● Brief: Take the data below and copy exactly the lines starting at the one with "Why wait to" and finishing at the one with "A home in James Island", both included.

● Exercise data:
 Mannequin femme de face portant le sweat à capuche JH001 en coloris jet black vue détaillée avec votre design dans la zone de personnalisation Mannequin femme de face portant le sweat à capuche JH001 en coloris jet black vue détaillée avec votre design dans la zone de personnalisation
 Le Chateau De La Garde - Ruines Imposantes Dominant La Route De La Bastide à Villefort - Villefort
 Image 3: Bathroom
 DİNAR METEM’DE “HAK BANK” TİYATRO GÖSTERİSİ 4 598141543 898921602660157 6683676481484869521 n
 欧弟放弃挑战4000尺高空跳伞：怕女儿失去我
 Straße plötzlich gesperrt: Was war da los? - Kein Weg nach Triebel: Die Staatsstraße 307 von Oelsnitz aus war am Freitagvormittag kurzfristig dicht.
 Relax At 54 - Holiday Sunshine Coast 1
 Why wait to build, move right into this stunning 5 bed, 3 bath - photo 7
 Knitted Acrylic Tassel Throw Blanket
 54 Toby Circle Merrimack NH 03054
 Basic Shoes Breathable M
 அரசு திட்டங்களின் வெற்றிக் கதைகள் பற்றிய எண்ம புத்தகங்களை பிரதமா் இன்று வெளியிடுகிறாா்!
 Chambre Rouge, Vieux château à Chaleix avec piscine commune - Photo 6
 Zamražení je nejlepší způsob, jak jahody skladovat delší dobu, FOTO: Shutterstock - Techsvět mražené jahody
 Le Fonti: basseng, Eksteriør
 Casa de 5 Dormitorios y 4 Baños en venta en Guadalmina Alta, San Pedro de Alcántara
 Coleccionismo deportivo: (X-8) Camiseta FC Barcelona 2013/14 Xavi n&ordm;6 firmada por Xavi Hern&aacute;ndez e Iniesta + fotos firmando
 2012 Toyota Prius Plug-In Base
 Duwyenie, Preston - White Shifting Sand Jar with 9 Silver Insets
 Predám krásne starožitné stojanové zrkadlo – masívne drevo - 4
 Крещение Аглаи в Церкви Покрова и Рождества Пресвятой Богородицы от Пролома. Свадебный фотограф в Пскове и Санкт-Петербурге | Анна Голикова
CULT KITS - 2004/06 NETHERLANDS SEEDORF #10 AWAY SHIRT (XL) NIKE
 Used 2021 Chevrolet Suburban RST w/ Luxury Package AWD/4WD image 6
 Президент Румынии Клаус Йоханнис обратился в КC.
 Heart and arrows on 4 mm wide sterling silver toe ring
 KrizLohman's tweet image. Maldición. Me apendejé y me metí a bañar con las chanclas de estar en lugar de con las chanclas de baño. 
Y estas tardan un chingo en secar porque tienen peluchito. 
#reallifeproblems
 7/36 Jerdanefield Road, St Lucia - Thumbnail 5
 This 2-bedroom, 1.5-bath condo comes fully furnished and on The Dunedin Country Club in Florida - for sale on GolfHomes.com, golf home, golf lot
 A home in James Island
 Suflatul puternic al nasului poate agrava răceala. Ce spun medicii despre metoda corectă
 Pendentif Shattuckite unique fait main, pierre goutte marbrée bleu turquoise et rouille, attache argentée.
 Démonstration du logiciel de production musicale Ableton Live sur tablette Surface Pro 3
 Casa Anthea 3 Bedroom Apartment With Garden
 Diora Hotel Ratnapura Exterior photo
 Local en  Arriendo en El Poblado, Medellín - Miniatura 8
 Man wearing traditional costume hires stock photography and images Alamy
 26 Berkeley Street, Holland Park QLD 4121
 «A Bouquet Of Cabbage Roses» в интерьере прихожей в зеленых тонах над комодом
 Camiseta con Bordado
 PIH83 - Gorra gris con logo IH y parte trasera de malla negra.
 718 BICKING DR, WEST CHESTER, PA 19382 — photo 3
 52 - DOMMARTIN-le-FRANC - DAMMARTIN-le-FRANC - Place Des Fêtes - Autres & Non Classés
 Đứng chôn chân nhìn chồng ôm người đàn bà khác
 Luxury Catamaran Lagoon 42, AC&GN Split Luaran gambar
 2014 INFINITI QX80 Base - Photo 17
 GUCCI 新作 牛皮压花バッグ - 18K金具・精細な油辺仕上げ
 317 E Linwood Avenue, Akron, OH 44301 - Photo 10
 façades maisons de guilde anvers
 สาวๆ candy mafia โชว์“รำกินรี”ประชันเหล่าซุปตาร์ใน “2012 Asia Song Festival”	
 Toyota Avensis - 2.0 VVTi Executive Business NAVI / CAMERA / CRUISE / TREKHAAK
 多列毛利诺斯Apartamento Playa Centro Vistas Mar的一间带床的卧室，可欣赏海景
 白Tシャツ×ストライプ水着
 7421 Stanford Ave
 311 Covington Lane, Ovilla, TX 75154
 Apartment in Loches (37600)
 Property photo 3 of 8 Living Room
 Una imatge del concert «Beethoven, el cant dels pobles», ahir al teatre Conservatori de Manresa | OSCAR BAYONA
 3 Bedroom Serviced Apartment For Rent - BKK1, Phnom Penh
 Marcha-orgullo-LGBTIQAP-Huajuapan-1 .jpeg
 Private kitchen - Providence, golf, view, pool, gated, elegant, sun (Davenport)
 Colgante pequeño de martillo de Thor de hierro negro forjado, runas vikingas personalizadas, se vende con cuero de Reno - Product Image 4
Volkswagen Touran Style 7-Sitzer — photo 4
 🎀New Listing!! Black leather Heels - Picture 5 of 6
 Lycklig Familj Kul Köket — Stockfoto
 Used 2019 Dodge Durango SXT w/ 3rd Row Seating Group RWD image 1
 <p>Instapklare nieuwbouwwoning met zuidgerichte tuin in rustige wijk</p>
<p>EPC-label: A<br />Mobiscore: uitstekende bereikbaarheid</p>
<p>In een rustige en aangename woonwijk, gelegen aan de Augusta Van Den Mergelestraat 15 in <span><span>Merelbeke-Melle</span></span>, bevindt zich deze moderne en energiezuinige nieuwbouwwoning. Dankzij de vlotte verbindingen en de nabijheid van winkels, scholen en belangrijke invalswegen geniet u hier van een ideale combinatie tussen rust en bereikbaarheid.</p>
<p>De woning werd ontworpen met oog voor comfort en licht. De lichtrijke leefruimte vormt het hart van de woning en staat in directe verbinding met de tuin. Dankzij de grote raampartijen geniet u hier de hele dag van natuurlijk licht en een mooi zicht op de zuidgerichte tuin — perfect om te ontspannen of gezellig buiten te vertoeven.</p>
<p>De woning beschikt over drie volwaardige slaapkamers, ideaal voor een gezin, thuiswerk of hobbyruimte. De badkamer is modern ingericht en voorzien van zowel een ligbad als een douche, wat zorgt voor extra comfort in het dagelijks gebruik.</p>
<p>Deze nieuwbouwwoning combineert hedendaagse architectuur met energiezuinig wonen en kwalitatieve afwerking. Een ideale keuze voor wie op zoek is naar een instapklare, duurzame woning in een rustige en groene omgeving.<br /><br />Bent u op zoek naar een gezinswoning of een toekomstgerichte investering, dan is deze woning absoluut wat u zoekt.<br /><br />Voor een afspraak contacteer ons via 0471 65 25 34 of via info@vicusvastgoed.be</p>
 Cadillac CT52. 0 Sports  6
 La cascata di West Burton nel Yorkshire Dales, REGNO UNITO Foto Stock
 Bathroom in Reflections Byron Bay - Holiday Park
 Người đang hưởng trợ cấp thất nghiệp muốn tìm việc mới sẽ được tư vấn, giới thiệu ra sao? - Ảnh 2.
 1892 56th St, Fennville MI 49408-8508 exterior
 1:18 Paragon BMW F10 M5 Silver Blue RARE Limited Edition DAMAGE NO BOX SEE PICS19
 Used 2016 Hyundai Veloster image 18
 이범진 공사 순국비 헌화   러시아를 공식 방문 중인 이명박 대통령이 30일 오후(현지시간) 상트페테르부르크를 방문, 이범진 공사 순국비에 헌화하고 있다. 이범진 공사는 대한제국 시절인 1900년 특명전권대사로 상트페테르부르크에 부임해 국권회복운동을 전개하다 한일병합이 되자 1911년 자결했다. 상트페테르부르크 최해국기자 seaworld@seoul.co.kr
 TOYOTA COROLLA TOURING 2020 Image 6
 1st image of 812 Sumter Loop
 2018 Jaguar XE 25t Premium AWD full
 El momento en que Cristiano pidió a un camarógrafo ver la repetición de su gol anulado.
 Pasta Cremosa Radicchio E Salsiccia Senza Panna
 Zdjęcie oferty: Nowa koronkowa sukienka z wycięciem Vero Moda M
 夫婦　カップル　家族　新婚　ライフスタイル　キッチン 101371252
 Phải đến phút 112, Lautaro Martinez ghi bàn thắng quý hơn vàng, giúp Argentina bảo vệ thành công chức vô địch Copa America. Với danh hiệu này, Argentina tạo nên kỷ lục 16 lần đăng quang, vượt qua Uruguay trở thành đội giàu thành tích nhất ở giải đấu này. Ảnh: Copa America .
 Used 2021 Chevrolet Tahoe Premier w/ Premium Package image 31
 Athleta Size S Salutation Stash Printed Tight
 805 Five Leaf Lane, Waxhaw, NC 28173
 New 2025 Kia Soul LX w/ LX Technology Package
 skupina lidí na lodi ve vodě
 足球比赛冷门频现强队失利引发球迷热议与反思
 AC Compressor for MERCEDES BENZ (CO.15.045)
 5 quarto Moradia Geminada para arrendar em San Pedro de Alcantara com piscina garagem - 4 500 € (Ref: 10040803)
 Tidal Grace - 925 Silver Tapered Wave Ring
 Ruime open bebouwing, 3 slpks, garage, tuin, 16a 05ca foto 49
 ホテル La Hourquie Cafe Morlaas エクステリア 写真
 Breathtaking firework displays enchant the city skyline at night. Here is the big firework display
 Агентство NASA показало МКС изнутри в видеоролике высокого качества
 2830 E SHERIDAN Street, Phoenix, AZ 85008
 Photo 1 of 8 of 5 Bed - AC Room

● Reply:
 Why wait to build, move right into this stunning 5 bed, 3 bath - photo 7
 Knitted Acrylic Tassel Throw Blanket
 54 Toby Circle Merrimack NH 03054
 Basic Shoes Breathable M
 அரசு திட்டங்களின் வெற்றிக் கதைகள் பற்றிய எண்ம புத்தகங்களை பிரதமா் இன்று வெளியிடுகிறாா்!
 Chambre Rouge, Vieux château à Chaleix avec piscine commune - Photo 6
 Zamražení je nejlepší způsob, jak jahody skladovat delší dobu, FOTO: Shutterstock - Techsvět mražené jahody
 Le Fonti: basseng, Eksteriør
 Casa de 5 Dormitorios y 4 Baños en venta en Guadalmina Alta, San Pedro de Alcántara
 Coleccionismo deportivo: (X-8) Camiseta FC Barcelona 2013/14 Xavi n&ordm;6 firmada por Xavi Hern&aacute;ndez e Iniesta + fotos firmando
 2012 Toyota Prius Plug-In Base
 Duwyenie, Preston - White Shifting Sand Jar with 9 Silver Insets
 Predám krásne starožitné stojanové zrkadlo – masívne drevo - 4
 Крещение Аглаи в Церкви Покрова и Рождества Пресвятой Богородицы от Пролома. Свадебный фотограф в Пскове и Санкт-Петербурге | Анна Голикова
CULT KITS - 2004/06 NETHERLANDS SEEDORF #10 AWAY SHIRT (XL) NIKE
 Used 2021 Chevrolet Suburban RST w/ Luxury Package AWD/4WD image 6
 Президент Румынии Клаус Йоханнис обратился в КC.
 Heart and arrows on 4 mm wide sterling silver toe ring
 KrizLohman's tweet image. Maldición. Me apendejé y me metí a bañar con las chanclas de estar en lugar de con las chanclas de baño. 
Y estas tardan un chingo en secar porque tienen peluchito. 
#reallifeproblems
 7/36 Jerdanefield Road, St Lucia - Thumbnail 5
 This 2-bedroom, 1.5-bath condo comes fully furnished and on The Dunedin Country Club in Florida - for sale on GolfHomes.com, golf home, golf lot
 A home in James Island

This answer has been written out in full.